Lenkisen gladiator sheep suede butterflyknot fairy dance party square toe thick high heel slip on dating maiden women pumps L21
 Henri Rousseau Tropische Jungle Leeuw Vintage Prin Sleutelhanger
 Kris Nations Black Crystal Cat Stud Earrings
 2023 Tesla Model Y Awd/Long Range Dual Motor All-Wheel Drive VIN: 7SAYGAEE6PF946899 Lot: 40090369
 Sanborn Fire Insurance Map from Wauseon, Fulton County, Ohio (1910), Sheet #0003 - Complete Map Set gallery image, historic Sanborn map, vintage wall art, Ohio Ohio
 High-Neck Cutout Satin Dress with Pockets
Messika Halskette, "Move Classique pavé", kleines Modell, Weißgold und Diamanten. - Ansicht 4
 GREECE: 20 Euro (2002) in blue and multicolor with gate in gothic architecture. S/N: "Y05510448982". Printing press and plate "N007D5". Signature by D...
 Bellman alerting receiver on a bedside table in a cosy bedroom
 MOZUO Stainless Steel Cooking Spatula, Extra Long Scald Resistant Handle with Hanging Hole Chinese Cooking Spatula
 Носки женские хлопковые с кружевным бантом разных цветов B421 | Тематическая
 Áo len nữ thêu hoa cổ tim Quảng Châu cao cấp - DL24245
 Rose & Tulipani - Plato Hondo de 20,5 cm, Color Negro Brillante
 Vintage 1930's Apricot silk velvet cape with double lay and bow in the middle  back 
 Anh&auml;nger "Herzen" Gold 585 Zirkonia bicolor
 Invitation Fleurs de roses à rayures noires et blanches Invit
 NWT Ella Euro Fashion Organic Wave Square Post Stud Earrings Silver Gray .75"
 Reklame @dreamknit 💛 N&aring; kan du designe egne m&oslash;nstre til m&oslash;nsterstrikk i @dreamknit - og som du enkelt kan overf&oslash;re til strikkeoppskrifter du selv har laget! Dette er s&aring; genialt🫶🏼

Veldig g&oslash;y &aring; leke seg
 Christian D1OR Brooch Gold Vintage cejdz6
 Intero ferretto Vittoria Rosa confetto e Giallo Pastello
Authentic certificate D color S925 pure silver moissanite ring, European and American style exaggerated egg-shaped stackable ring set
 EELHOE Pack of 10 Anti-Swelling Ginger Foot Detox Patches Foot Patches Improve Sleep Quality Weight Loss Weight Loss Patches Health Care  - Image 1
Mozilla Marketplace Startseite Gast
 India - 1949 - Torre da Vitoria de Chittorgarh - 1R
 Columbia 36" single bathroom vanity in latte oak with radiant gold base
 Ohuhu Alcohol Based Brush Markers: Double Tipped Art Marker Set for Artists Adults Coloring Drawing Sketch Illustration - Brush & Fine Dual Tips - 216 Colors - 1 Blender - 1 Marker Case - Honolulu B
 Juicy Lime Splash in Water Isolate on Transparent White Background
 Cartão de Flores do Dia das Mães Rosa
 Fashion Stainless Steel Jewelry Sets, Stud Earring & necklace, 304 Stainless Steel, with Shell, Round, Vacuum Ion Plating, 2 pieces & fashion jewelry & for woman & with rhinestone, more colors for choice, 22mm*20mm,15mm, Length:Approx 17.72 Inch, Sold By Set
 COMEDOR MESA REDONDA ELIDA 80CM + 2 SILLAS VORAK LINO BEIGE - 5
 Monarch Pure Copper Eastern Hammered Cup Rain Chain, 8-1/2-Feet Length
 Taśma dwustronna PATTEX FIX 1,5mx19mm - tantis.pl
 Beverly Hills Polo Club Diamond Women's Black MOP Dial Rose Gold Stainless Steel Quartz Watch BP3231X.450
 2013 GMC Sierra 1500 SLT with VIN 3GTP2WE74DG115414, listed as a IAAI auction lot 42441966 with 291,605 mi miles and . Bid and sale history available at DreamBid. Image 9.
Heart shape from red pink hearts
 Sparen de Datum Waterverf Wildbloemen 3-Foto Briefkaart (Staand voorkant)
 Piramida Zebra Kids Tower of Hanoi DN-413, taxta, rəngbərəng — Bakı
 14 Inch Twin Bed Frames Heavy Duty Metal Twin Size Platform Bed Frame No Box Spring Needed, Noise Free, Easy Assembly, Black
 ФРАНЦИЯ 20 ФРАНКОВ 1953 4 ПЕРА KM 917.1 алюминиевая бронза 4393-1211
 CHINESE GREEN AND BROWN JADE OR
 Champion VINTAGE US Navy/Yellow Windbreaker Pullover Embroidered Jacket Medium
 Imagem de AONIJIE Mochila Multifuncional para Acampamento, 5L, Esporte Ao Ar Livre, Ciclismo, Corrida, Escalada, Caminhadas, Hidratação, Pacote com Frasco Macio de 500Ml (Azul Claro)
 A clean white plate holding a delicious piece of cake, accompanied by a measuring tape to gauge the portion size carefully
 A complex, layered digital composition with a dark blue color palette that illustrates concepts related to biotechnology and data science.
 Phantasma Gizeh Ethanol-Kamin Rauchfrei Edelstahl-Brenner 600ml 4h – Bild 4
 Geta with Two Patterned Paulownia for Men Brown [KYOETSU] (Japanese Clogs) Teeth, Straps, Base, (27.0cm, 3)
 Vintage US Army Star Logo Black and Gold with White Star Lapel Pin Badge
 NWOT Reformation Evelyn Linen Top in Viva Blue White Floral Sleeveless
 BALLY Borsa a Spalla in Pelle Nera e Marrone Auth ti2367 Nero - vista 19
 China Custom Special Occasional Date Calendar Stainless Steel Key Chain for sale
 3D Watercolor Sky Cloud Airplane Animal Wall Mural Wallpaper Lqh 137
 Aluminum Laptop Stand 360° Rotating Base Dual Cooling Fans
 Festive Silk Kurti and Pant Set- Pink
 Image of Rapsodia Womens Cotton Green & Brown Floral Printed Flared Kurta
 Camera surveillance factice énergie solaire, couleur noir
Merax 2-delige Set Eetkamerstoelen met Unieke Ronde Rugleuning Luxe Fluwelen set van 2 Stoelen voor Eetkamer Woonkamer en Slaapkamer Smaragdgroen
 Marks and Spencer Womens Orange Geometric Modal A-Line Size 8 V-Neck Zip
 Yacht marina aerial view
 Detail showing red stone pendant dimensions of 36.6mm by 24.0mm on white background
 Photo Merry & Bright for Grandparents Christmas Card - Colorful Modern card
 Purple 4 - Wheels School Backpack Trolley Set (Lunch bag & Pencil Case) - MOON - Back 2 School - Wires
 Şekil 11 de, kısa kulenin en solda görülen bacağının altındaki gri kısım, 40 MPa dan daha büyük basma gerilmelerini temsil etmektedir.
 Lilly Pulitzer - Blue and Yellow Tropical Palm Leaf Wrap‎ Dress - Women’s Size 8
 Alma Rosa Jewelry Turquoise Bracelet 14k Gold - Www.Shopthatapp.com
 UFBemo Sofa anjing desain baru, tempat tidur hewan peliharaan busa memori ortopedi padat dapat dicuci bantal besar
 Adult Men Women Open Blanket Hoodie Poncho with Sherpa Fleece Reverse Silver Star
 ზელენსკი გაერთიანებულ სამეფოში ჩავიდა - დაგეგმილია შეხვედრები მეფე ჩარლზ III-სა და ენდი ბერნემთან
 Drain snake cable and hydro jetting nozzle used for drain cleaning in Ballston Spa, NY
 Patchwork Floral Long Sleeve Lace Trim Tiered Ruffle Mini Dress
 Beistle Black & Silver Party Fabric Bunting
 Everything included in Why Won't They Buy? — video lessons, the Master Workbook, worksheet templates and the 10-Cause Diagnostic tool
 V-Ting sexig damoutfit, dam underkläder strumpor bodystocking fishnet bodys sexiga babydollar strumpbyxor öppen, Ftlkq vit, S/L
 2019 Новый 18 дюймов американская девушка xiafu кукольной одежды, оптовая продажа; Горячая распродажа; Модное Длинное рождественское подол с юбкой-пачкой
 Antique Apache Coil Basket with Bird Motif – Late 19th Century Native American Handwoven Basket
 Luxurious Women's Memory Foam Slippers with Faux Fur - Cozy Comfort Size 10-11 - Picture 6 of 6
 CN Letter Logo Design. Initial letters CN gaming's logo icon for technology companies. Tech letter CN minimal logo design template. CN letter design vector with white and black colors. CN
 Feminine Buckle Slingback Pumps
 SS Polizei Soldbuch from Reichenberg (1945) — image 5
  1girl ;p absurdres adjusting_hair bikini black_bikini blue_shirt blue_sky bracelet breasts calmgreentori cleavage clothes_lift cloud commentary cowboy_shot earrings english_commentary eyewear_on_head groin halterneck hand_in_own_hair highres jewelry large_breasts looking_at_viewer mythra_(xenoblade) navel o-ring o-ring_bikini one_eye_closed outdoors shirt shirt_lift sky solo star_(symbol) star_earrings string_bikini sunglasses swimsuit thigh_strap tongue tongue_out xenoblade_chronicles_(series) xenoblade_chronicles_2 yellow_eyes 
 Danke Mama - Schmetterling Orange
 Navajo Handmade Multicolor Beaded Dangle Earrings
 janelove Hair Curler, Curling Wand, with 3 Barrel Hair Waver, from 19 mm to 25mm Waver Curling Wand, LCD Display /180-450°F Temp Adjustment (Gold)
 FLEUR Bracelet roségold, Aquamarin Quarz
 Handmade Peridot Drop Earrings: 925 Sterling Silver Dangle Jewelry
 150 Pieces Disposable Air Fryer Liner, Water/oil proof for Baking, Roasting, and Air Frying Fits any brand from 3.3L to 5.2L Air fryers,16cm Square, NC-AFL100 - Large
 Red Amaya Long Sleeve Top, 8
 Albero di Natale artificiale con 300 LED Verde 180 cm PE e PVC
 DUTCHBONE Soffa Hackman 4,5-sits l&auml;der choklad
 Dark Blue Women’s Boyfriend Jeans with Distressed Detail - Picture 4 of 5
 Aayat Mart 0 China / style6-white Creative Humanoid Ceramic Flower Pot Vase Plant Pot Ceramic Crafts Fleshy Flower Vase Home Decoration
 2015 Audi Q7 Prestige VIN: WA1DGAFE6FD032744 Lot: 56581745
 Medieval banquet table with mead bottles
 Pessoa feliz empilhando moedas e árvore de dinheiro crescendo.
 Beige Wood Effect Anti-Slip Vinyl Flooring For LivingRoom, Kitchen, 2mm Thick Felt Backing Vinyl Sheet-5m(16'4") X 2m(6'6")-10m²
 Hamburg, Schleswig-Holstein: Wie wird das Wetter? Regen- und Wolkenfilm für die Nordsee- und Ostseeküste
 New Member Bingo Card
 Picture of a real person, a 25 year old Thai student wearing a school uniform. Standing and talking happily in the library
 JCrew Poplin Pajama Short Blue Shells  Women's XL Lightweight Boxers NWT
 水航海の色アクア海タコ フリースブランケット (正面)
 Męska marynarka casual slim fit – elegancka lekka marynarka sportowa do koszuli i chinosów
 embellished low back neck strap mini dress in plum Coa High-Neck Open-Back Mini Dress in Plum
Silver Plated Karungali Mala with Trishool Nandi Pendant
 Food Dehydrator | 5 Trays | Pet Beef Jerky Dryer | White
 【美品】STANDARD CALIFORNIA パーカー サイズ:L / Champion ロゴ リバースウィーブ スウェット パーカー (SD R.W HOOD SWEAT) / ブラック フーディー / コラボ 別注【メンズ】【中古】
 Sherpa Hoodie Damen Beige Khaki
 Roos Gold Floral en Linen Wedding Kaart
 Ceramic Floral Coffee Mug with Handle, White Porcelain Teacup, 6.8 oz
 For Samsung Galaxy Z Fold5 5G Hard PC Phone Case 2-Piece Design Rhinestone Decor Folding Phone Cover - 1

+--

» **Task details**: Using the data above, reproduce exactly the lines from the line that contains "Purple 4 - Wheels" through the line that contains "Everything included in", including both.

» **Response for this exercise**:
 Purple 4 - Wheels School Backpack Trolley Set (Lunch bag & Pencil Case) - MOON - Back 2 School - Wires
 Şekil 11 de, kısa kulenin en solda görülen bacağının altındaki gri kısım, 40 MPa dan daha büyük basma gerilmelerini temsil etmektedir.
 Lilly Pulitzer - Blue and Yellow Tropical Palm Leaf Wrap‎ Dress - Women’s Size 8
 Alma Rosa Jewelry Turquoise Bracelet 14k Gold - Www.Shopthatapp.com
 UFBemo Sofa anjing desain baru, tempat tidur hewan peliharaan busa memori ortopedi padat dapat dicuci bantal besar
 Adult Men Women Open Blanket Hoodie Poncho with Sherpa Fleece Reverse Silver Star
 ზელენსკი გაერთიანებულ სამეფოში ჩავიდა - დაგეგმილია შეხვედრები მეფე ჩარლზ III-სა და ენდი ბერნემთან
 Drain snake cable and hydro jetting nozzle used for drain cleaning in Ballston Spa, NY
 Patchwork Floral Long Sleeve Lace Trim Tiered Ruffle Mini Dress
 Beistle Black & Silver Party Fabric Bunting
 Everything included in Why Won't They Buy? — video lessons, the Master Workbook, worksheet templates and the 10-Cause Diagnostic tool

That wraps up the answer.